We should not let programmers off the hook *too* easily for bugs!
Buggy software is inevitable (at the specification), but we can and should do a lot better than we the current state of affairs.
— aProgrammer, Thu, 11 Dec 2014 12:00:19 -0500
Great post. Finny enough picked up your book last week and cant put it down, what a pleasent read. Congrats.
— Luiz, Thu, 11 Dec 2014 12:05:52 -0500
Too bad this post also mis-represent Turing's innovation. In fact, he wasn't the first one to find this: Godel already proved the impossibility of this very problem in ... 1931. And using pretty much the same method, but in the Peano arithmetic rather than his own theory. In short: he encoded every problem as a unique natural number and worked on them with arithmetic rules. He then proved that you couldn't have both an arithmetic that would be at the same time sound and complete. No doubt Turing was a genius, but it is sad to see how it is completely mis-represented by ... pretty much everybody speaking about him. It is far too common to give to Turing the achievements of others.
— Pierre, Thu, 11 Dec 2014 12:21:02 -0500
Nobody is denigrating Gödel's contribution, and, of course, Turing referred to Gödel's work in his own paper. And although completeness and decidability are certainly related, they are two different problems. Moreover, both Turing and John von Neumann recognized the unique importance of Turing's work to nascent computer technologies, whereas Gödel's work did not seem to have that applicability. — Charles
You say "We might excuse a Hollywood biopic ... for lapses of mathematical accuracy" but surely film makers are allowed to depict fallible characters. Joan Clarke makes a statement to the main protagonist which the audience may possibly want to ask him themselves. The accuracy of which is unimportant.

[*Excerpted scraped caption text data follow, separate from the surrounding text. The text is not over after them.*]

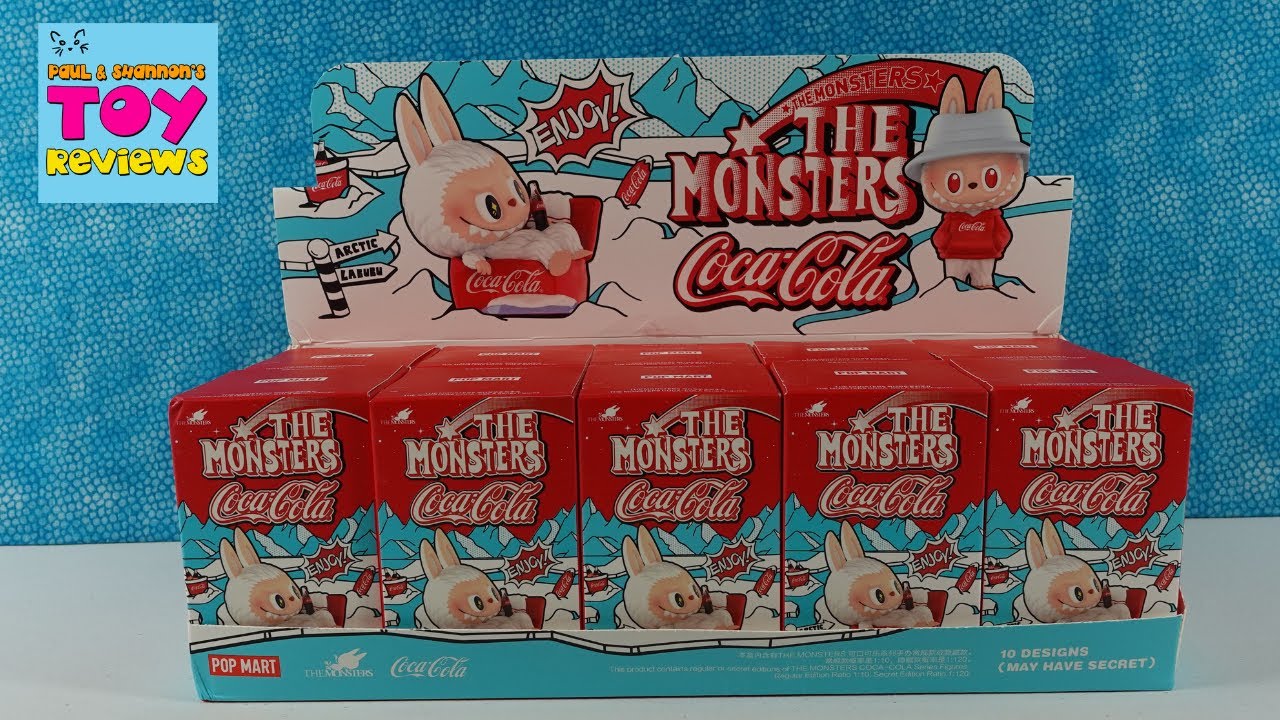 The Monsters Coca Cola Pop Mart Blind Box FIgure Unboxing Review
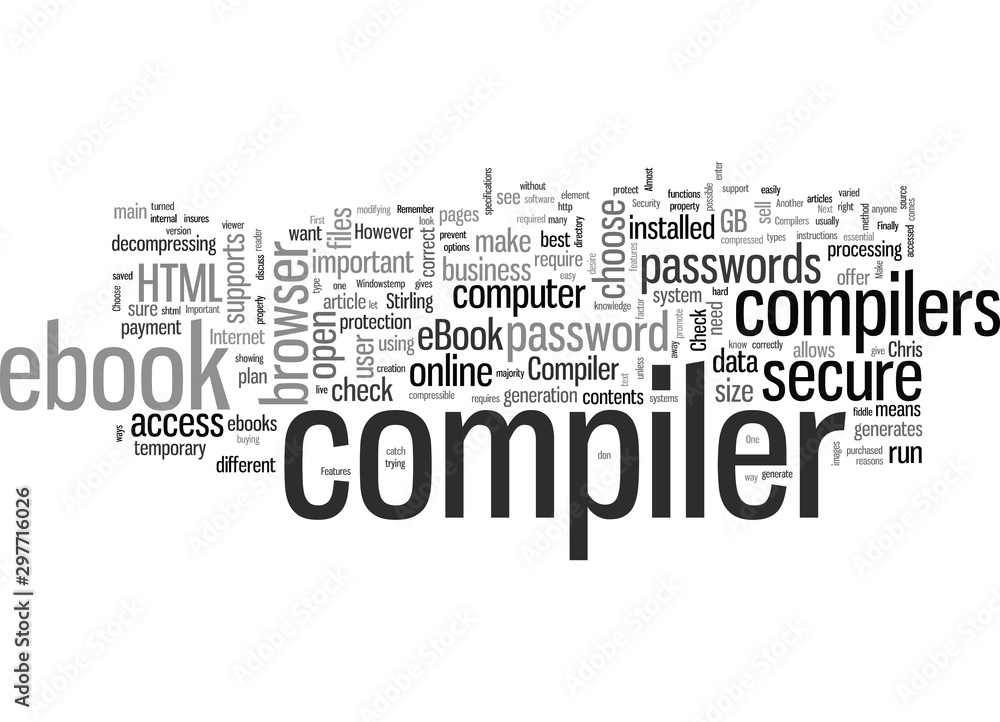 Important Features of an eBook Compiler Important Features of an eBook Compiler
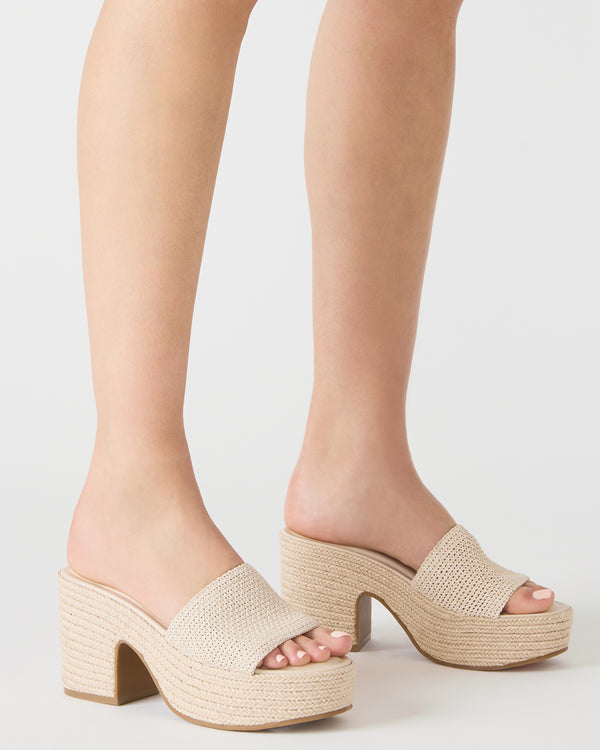 Steve Madden Trippy Natural Raffia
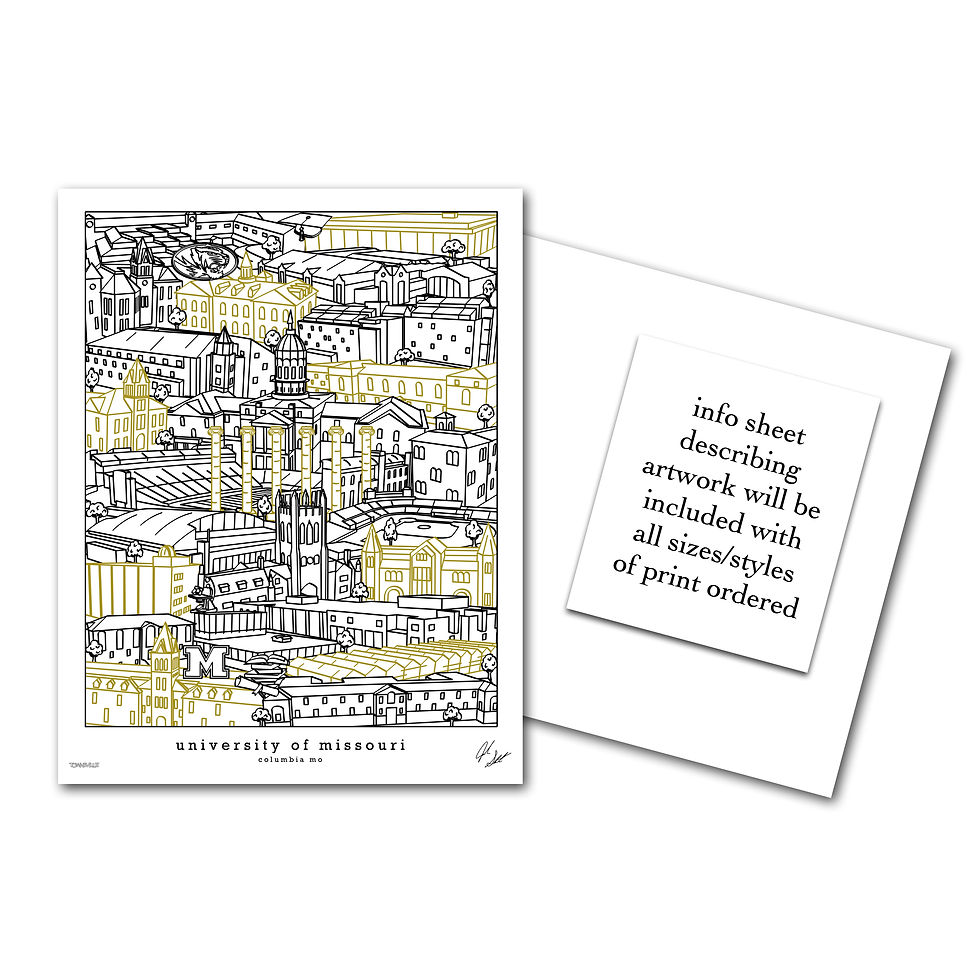 Thumbnail: University Of Missouri Campus Art Print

— Chris Nash, Sun, 14 Dec 2014 04:07:41 -0500
But if the question is really something the audience wants to ask themselves, why should the answer plunge the viewer into even greater ignorance? — Charles
An interesting question is how are humans capable of bridging the gap from turing machines to discovering new mathematical facts. Maybe the human brain is more than just a neural network and humans are more than turing machines.
— Cristian Minoiu, Wed, 31 Dec 2014 19:16:18 -0500